I'm thinking that maybe the internal test tones in the Yamaha are intended to be calibrated at 85db. Have you tried another calibration method like the test tones on a THX dvd? My _guess*_ is that those test tones will register at the proper level.


----------



## salvasol (Oct 31, 2006)

thxgoon said:


> I'm thinking that maybe the internal test tones in the Yamaha are intended to be calibrated at 85db.


I don't think so because the first time (before I had the external amp) the reading after the YPAO calibration was correct "75.0db" at reference.:yes:



> If should have. YPAO doesn't know the difference of what else is in the chain, it adjusts the trim levels acording to the SPL present at the mic.

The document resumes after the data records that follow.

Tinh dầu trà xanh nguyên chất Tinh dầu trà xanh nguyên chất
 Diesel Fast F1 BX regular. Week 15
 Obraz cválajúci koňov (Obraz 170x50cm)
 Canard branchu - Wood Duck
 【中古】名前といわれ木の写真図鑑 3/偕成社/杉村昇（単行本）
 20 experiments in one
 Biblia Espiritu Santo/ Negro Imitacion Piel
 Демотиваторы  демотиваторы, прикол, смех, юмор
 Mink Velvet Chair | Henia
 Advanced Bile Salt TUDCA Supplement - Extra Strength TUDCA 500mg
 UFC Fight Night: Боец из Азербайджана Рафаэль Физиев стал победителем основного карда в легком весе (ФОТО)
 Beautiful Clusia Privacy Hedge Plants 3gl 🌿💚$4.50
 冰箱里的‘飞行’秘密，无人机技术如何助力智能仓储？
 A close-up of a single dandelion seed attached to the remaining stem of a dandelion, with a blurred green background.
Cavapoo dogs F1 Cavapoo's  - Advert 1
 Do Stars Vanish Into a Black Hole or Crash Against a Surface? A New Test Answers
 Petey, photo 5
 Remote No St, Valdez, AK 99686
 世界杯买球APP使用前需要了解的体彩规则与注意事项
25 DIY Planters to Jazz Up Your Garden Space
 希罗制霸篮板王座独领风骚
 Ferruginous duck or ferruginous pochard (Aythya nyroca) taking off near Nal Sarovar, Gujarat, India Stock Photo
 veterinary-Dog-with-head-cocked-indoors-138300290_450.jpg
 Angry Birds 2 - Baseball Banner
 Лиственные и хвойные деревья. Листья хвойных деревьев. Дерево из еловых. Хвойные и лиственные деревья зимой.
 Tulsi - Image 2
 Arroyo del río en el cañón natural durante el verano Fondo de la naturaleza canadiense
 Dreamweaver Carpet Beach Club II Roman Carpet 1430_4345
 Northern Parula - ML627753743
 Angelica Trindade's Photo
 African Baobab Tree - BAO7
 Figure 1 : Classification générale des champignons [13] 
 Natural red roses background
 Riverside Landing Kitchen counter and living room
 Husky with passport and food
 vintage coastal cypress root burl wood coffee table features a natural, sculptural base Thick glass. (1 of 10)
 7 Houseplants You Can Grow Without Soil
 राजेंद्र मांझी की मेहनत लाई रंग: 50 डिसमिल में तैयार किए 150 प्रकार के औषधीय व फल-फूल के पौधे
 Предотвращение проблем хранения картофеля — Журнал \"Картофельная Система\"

That's what I think ... somehow YPAO adjusted the speaker level to have the same output at reference, and doesn't have to be 75.0db (the speaker readings were 85.0db at reference):yes:



> Have you tried another calibration method like the test tones on a THX dvd? My _guess*_ is that those test tones will register at the proper level.


Not yet, I haven't really got time to play ... I will use DVE to double check the settings :bigsmile: (I also have the THX optimizer to compare) :yes:


----------



## 3dbinCanada (Sep 13, 2012)

Prof. said:


> The YPAO is notoriously inaccurate for setting speaker levels..
> I only use it to set up initially for delays and speaker distances, and then set all my speaker levels manually with the volume trims to read 75db..


Interesting.. YPAO has set all my speakers within 0.5db of one another. I couldn't be happier


----------



## Prof. (Oct 20, 2006)

That post was a long time ago..Later models may be more accurate in setting levels..


----------